In that post, I detail at great length my problems with the AALS as an organization and document that "I'm not the only curmudgeon who thinks the AALS is driven by left-liberal ideology."
As for the annual meeting, in another post I wrote that:
I haven't been to every AALS annual meeting since I joined the profession back in 1988, but I've been to a lot ... and can count the number of "informative and engaging" panels I've seen on the fingers of one hand.
That post goes on to quote such diverse voices as Brian Leiter and Orin Kerr on the vacuity of AALS meetings.
The 2011 AALS annual will be held in San Francisco and Professor William Jacobson notes that this is creating some problems for the AALS:
... a variety of unions are planning a strike and other labor action against various San Francisco hotels, including two of the three hosting the AALS annual meeting, which will mean the law professors will have to cross the picket line to attend. Needless to say, in the slightly left of center (hah!) law professor community, there are calls to move the meeting, cancel the hotel arrangements, etc. ....

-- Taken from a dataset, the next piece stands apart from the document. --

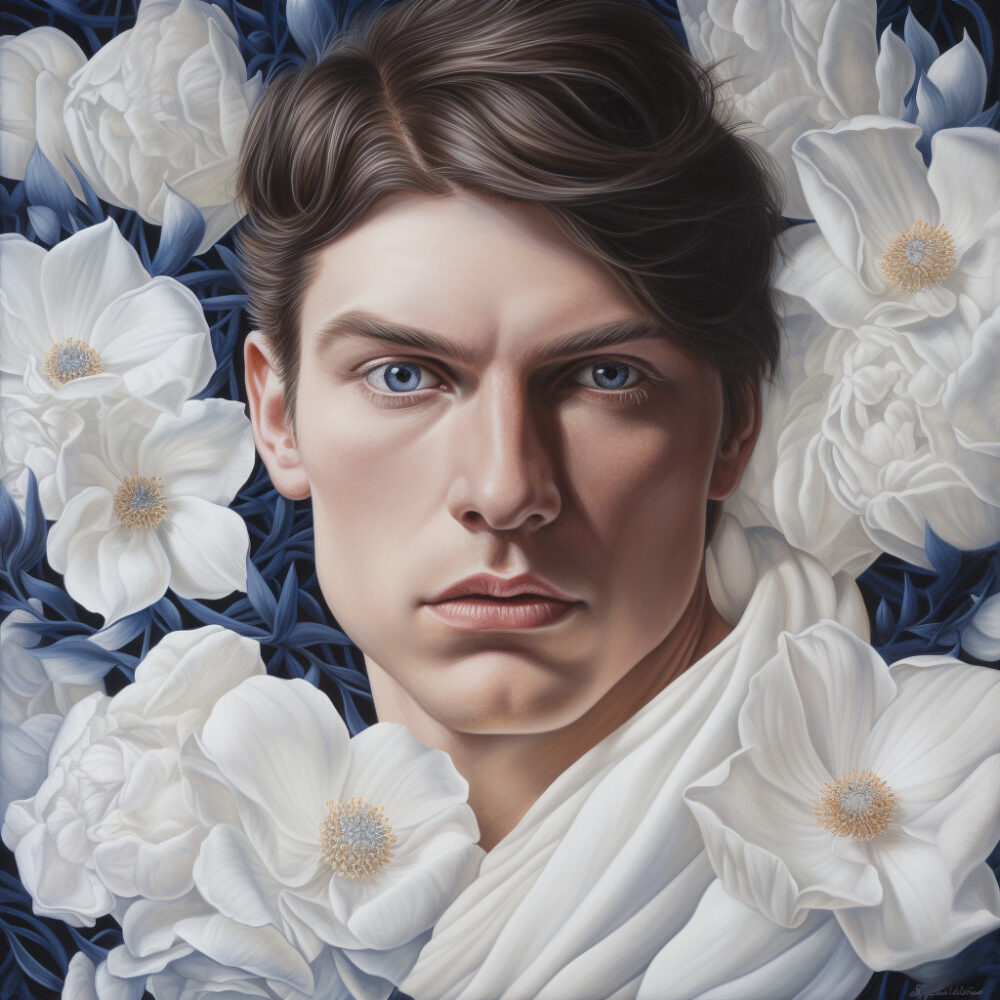 Midjourney prompt: Blue eyes man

AALS ... is choosing contractual obligation over [political] principles. AALS has circulated a letter, in pertinent part as follows:
AALS is not in any way commenting on the labor dispute in San Francisco. We regard our decision as the best among the bad choices we face. It is both painful and disappointing to anticipate the impact of an unresolved dispute on the conduct of our meeting, should that come to pass.
The letter provides the reasoning -- namely that contractual obligations must be honored -- and continues that there will be attempts at "amelioration" by relocating some activities to a non-union hotel.
So the net result is that there is a significant likelihood that law professors attending the AALS annual meeting will be crossing a picket line in San Francisco.
OTOH, the "we're all good liberals here" tone of the letter is, indeed, annoying. OTOH, even the politically correct get it right occasionally. If I were going to the annual meeting, which I'm not, I would try very hard to avoid crossing the picket line. Why? I explained that preference in a very early post, which summarized the argument as follows:
First, I come from a long line of union members. Second, Catholic Social Teaching emphasizes that workers have a natural right both to form unions and to strike. As I read the relevant encyclicals and pastoral letters, this teaching is not a matter of prudential judgment, but rather an authoritative teaching to which faithful Catholics must give religious assent. Finally, unions potentially are an important way of minimizing transaction costs.
The post goes on to develop the final argument at some length. It also explains why a rule of thumb of not crossing any picket line is a useful decision-making heuristic: It saves me the time and effort necessary to figure out whether a given strike is morally and economically justified.
The bottom line is that I find myself agreeing with the left-liberal busybodies. I hate when that happens.